Chores for kids pt. 1: How to answer “BUT MOM! WHYYYY?!”
Spring is on it’s way and change is in the air. What better way to spice things up at home than to add some chores to your children’s days? This 5-part blog series will help you start assigning chores for kids if you haven’t already and help you up your chore game if you have.
Where do you even start when it comes to getting kids to help out around the house? It seems pretty daunting. Doesn’t it? Assigning chores is a lesson in delayed gratification if ever there was one.
The first few times you ask them to do anything new can get pretty ugly. But once a chore becomes a habit, you as a parent get to bask in the glory of your diligence for years to come. (Imagine a world where you never touch the trash cans or the toilet brush AGAIN? It can happen!) So let’s get started.
First things first: find your motivation.
Why do you want to have your children help around the house?
- Are you totally fried by the time they go to school because you’ve done the work of 4 people to get them ready?
- Are you embarrassed around older generations because your kids don’t do their share?
- Are you worried they will never learn to hang up a shirt?
- Are you jealous of other parents whose kids are miraculously helpful?

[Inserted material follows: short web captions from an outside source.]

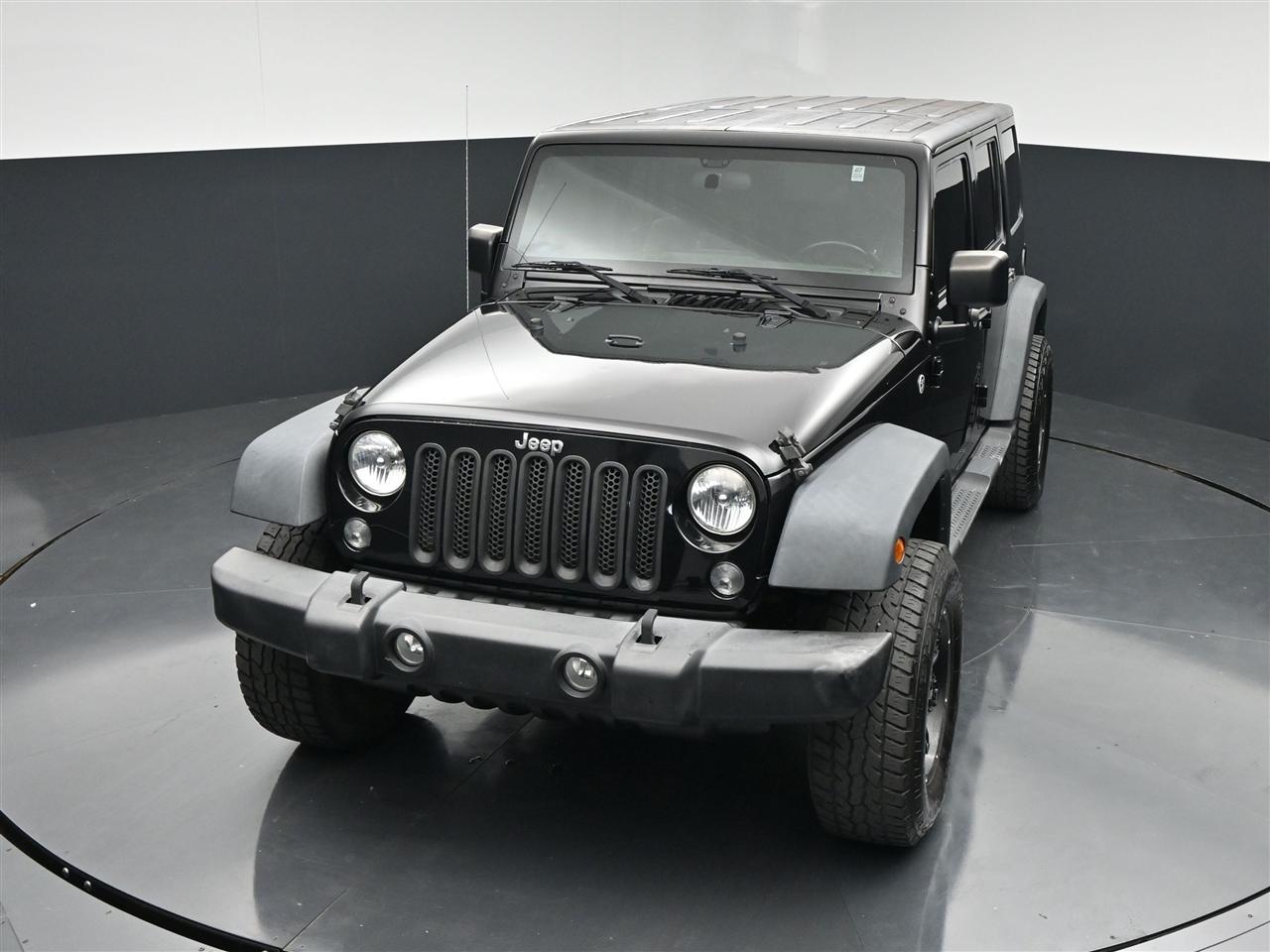 Jeep Wrangler Unlimited Sport 4WD 2015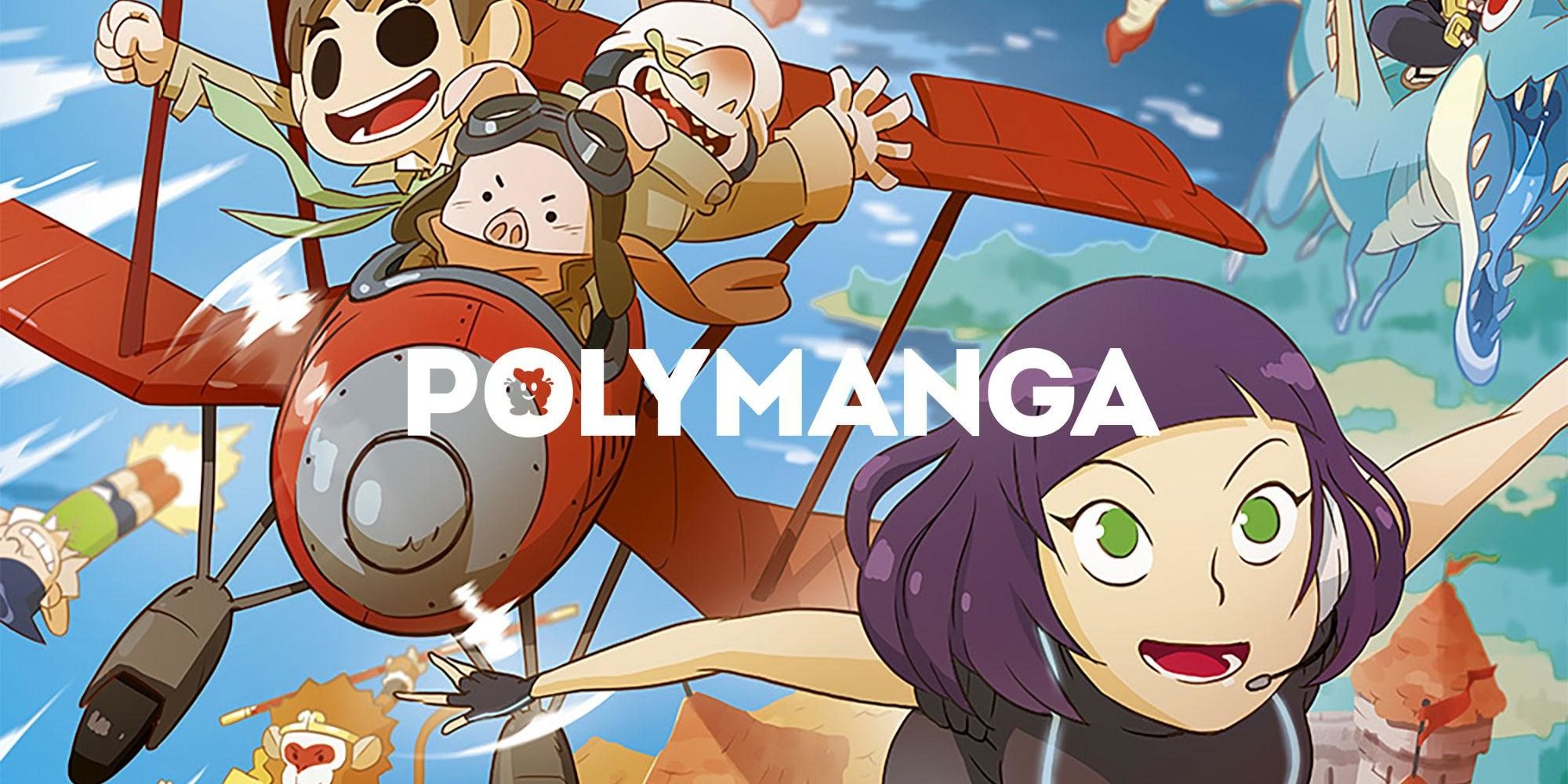 Polymanga, Switzerland promo art from website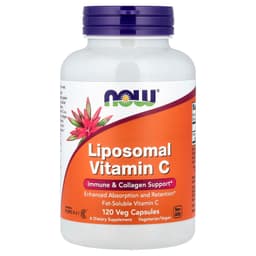 NOW Foods - Liposomal Vitamin C - 120 Veg Capsules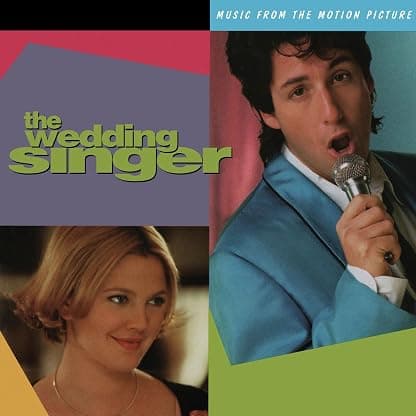 The Wedding Singer - Music From The Motion Picture Volume One (Colored Vinyl, Pink, Limited Edition) por Artista não identificado — capa do álbum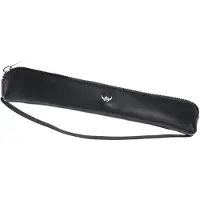 Golden Head Leder Schlampermäppchen Frankfurt Stifteetui 6811 Schwarz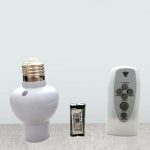 Đui đèn thông minh điều khiển từ xa E27 Đui đèn thông minh điều khiển từ xa E27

My motivation came at a dinner party years ago:
A good (childless) friend of ours, a professor at USC, was talking about how the incoming students were being micromanaged by their parents so much that the professors had been forbidden by the university to talk to parents at all. Parents were taking up all of the professors’ time with questions about the minutia of student life and classes–buying books, writing papers, finding classrooms. I was dumbfounded. Then our friend told us about one mother who’d gotten a hotel room near campus for the first 2 weeks of school–to make sure her (19 yo) baby didn’t get too stressed out about anything.
Well, that story sent me straight to my computer to create a chore spreadsheet. My kids were only 3 and 4 at the time, but I would be damned if they were going off to college dependent on me to handle their personal needs!
And my chore sheet was great. For two weeks.
Then we had to add rewards.
Two weeks later we created a new, more exciting chart. So much work!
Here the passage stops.